Benjamin Flounders (17 June 1768 – 19 April 1846) was a prominent English Quaker with business interests in key new industries and developments at the time of the Mid-Industrial Revolution, such as The (of which he was a founding Director) and new canals in his native North-East England; he operated his own family businesses very successfully with large interests in timber for shipbuilding (at the time of the War with France), also owning two linen mills and large estates in places as diverse as Egham, Surrey and Glasgow. He was it seems, for all of his life, a hard working, astute and forward thinking man of independent means. He was born at Crathorne in 1768, and educated at Ackworth School, Leeds.

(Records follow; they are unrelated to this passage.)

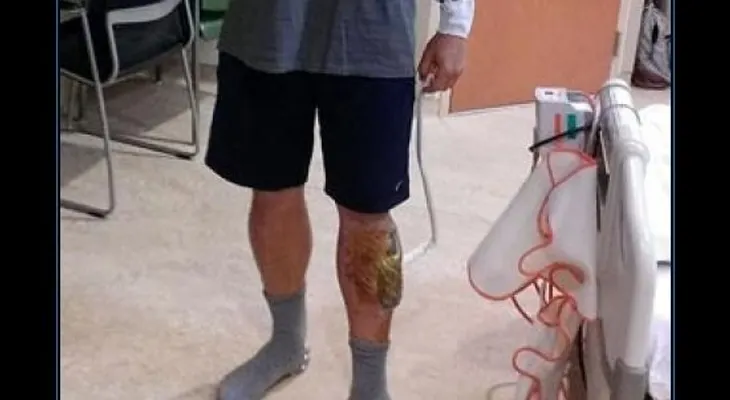 Increíble: Lo muerde una serpiente, lo ataca un tiburón y dos monos, le cae un rayo, y sobrevive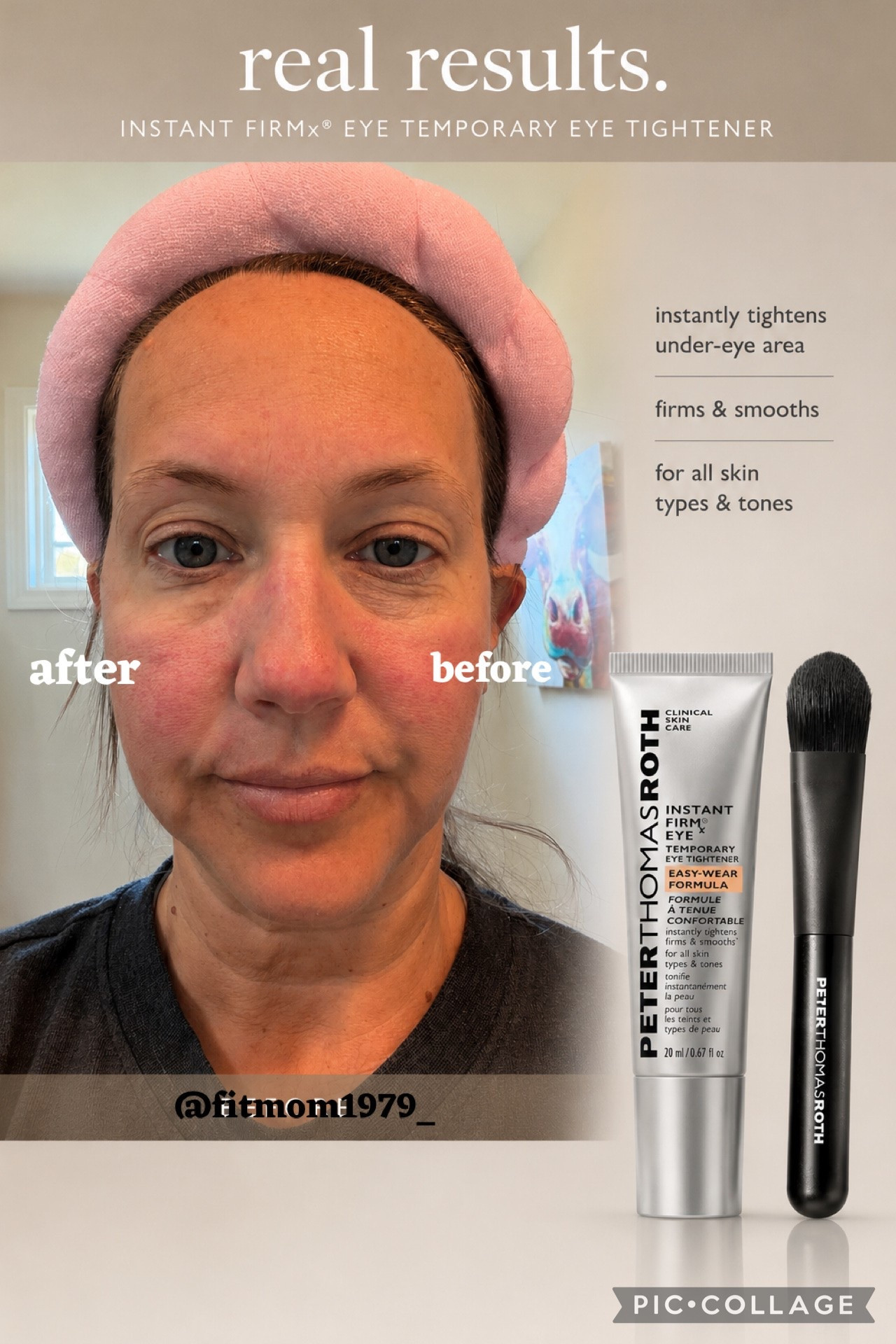 POV: you finally found an eye treatment that actually looks like you slept 8 hours 👀✨

I tried the Instant FIRMx® Eye Temporary Eye Tightener and the difference was visible in minutes — smoother, tighter, and brighter under-eyes without makeup or filters. 🙌

✔️ Instantly tightens
✔️ Smooths fine lines + puffiness
✔️ Perfect for busy moms, tired mornings & no-makeup days

This is officially my secret weapon for looking refreshed fast 💁‍♀️

Grab yours before everyone catches on 🛍️✨
Comment “LINK” and I’ll send it to you! #beautyhacks #skincaremusthave #beforeandafter #over40beauty #momlife #eyetightener

#LTKselfcare #LTKOver40 #LTKBeauty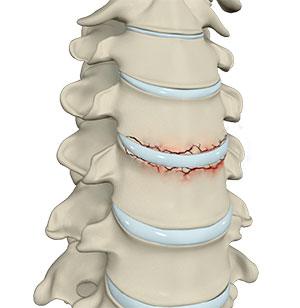 Cervical Fracture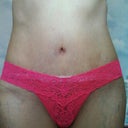 3 wks po.  One more wk and I can uncover the scar.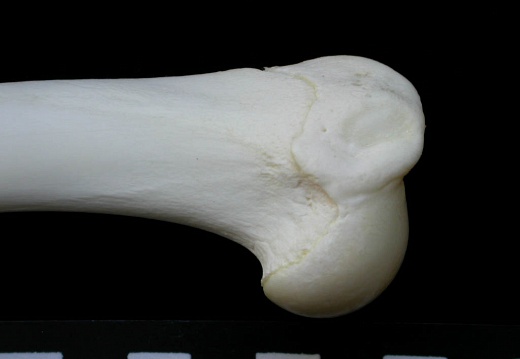 Humerus: proximale part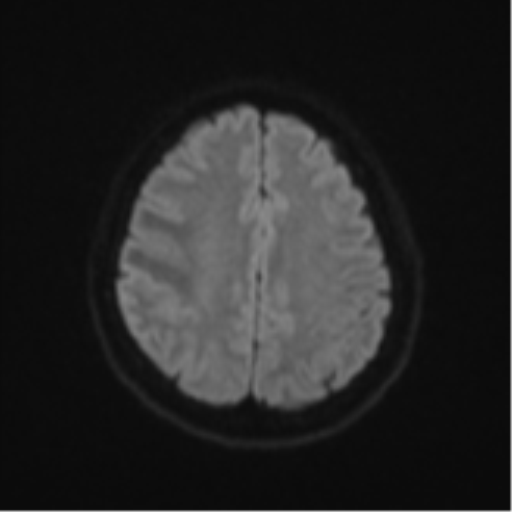 Anaplastic astroblastoma (Radiopaedia 55666-62194 Axial DWI 49).png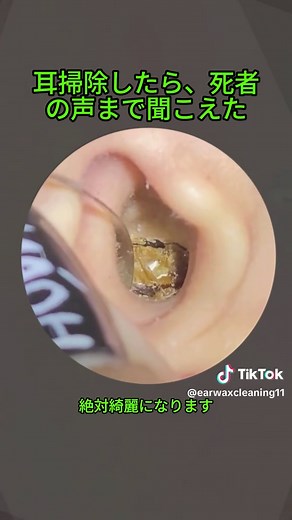 #耳垢ナカショー #耳垢掃除 #耳掃除 #earwaxremoval #earwax #satisfying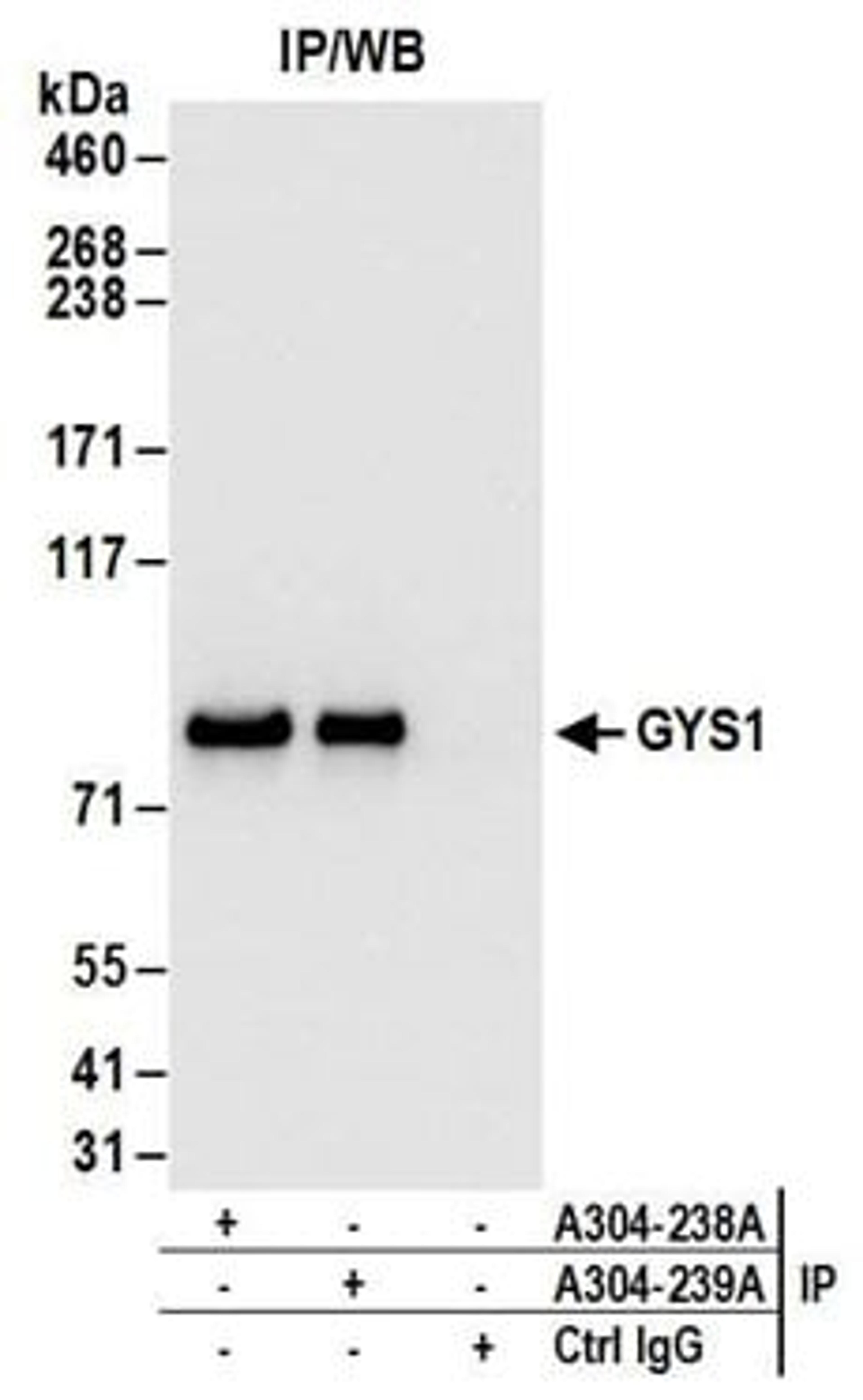 Detection of human GYS1 by western blot of immunoprecipitates.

His best-known achievement, ironically, was the building of a folly tower, the eponymous Flounder's Folly in South Shropshire near Craven Arms and prominent on the skyline on Callow Hill, the highest point of famous Wenlock Edge. The folly commands extensive views over the surrounding Stretton Hills, Wenlock Edge, the Long Mynd and Clee Hills and even further afield to the Brecon Beacons, Radnor Hills, Malvern Hills and Black Mountains, Wales. The folly was built to celebrate his attaining 70 years, his threescore years and ten, to commemorate his lifelong endeavours and a life well spent and to celebrate the forthcoming marriage of his daughter Mary and the coming of age of his neighbour and associate in Shropshire, Lord Clive.
Flounder's life was touched by tragedy with the loss of his first wife Mary Walker (daughter of a Quaker shipbuilder) while giving birth to a premature baby in 1801. They had only married two years previously. Benjamin was 34.